Али-Эшреф-хан побледнел. Он чувствовал, что его охватывает дрожь. Он не знал, что сказать. Ферох, очевидно, знает все. Отказываться, притворяться непонимающим было невозможно. Придав себе храбрости, Али-Эшреф-хан сказал:
— И все-таки, сударь, даже после всех этих слов, я не понимаю, что вам нужно. Я уже сказал вам: я должен курить. Не угодно ли вам выбрать другое время? Тогда пожалуйте ко мне и мы можем поговорить по этому вопросу.
Ферох ответил:
— Ну, нет, ага. Вам придется пожертвовать своим временем и выслушать то, что я имею вам сказать.
Но, прежде чем мы услышим, что сказал Ферох, и что произошло между ним и Али-Эшреф-ханом, нужно выяснить, как они оба очутились в этом месте и какие происшествия этому предшествовали.
Все это происходило, приблизительно, через десять месяцев после того дня, когда Али-Эшреф-хан подло и гнусно выбросил из дому Эфет.
Али-Эшреф-хан принадлежал к числу людей, которые, не стыдясь, предпочитают всему на свете чувственные удовольствия, разврат и веселое времяпрепровождение в обществе женщин известного рода. В обнимку с женщиной распивать бутылку за бутылкой и вообще, как он говорил, «жить в свое удовольствие», это было лучше всего в жизни.

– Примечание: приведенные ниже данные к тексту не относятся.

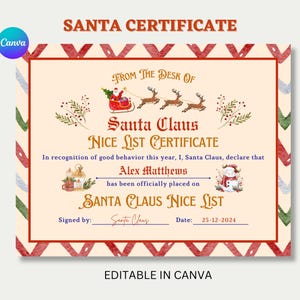 Certificado de lista de bons amigos de Natal, Certificado de lista de bons amigos, carta do Papai Noel, Véspera de Natal, Lista de bons amigos oficial, Certificado do Papai Noel, Canva Edit.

Так как к тому же он не любил входить в большие расходы, считая расточительность «недозволенной», то для утоления страсти он брал себе сигэ, а через неделю или через месяц заменял ее другой, «освежая» таким образом свое ложе.
Вечером того же дня, когда он перевез несчастную Эфет в дом Шах-Баджи, он собрал вокруг себя кучу своих новых исфаганских приятелей — людей одинаковых с ним взглядов — и предложил им устроить пирушку, повеселиться. Решено было, что они поедут прогуляться в Джульфу, под Исфаганом. Туда же были приглашены и несколько опытных исфаганских прелестниц.
Такие пирушки стали повторяться раза по три-четыре в неделю. Хорошо известно, что, где алкоголь, там и терьяк. Начинается обычно с того, что выпивают бокал-другой вина. Потом, когда бокал-другой уже не производят действия, выпивают подряд несколько бокалов. Наступает день, когда и бутылка вина не оставляет никакого впечатления. С этого дня человек, если он в Англии, начинает пить виски, а если в Персии — арак, то есть виноградную водку.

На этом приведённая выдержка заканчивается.